Elliptic modular graph forms II: Iterated integrals

TL;DR

This paper develops methods to represent elliptic modular graph forms as iterated integrals, revealing algebraic relations and providing new realizations of elliptic polylogarithms with applications in string theory.

Contribution

It introduces a novel approach to express eMGFs as iterated integrals, enabling algebraic and differential analysis and connecting to elliptic polylogarithms at arbitrary depth.

Findings

Derived basis dimensions of eMGFs from iterated integrals

Established algebraic and differential relations among eMGFs

Provided realizations of elliptic polylogarithms in terms of modular forms

Abstract

Elliptic modular graph forms (eMGFs) are non-holomorphic modular forms depending on a modular parameter $\tau$ of a torus and marked points $z$ thereon.
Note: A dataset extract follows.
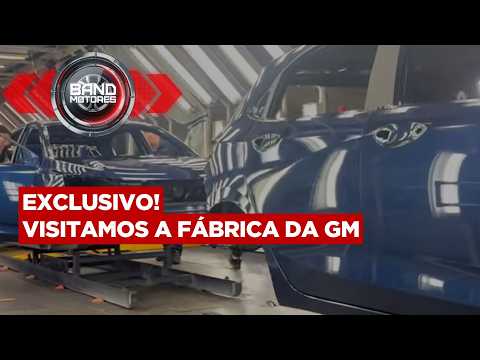 EXCLUSIVO: Visitamos a Fábrica da GM!
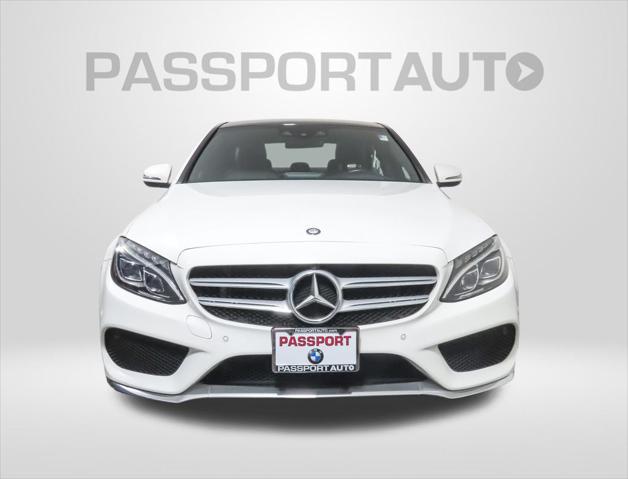 used 2016 Mercedes-Benz C-Class car, priced at $16,995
Traditionally, eMGFs are constructed from nested lattice sums over the discrete momenta on the worldsheet torus in closed-string genus-one amplitudes. In this work, we develop methods to translate the lattice-sum realization of eMGFs into iterated integrals over modular parameters $\tau$ of the torus with particular focus on cases with one marked point. Such iterated-integral representations manifest algebraic and differential relations among eMGFs and their degeneration limit $\tau \rightarrow i\infty$. From a mathematical point of view, our results yield concrete realizations of single-valued elliptic polylogarithms at arbitrary depth in terms of meromorphic iterated integrals over modular forms and their complex conjugates. The basis dimensions of eMGFs at fixed modular and transcendental weights are derived from a simple counting of iterated integrals and a generalization of Tsunogai's derivation algebra.